## SOURCE MATERIAL

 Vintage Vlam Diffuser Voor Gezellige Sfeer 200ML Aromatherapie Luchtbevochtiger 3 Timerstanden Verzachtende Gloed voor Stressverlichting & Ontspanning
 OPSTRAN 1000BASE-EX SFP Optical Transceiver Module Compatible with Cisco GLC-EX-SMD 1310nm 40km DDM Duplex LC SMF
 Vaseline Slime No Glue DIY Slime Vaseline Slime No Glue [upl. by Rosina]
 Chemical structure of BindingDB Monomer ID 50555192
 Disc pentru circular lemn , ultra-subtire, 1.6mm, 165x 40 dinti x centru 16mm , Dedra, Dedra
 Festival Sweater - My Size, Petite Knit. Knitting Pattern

## TASK DETAILS
Print the first line of the records above and each line after it, exactly, through the line with "Chemical structure of".

## SOLUTION FOR THIS TASK
 Vintage Vlam Diffuser Voor Gezellige Sfeer 200ML Aromatherapie Luchtbevochtiger 3 Timerstanden Verzachtende Gloed voor Stressverlichting & Ontspanning
 OPSTRAN 1000BASE-EX SFP Optical Transceiver Module Compatible with Cisco GLC-EX-SMD 1310nm 40km DDM Duplex LC SMF
 Vaseline Slime No Glue DIY Slime Vaseline Slime No Glue [upl. by Rosina]
 Chemical structure of BindingDB Monomer ID 50555192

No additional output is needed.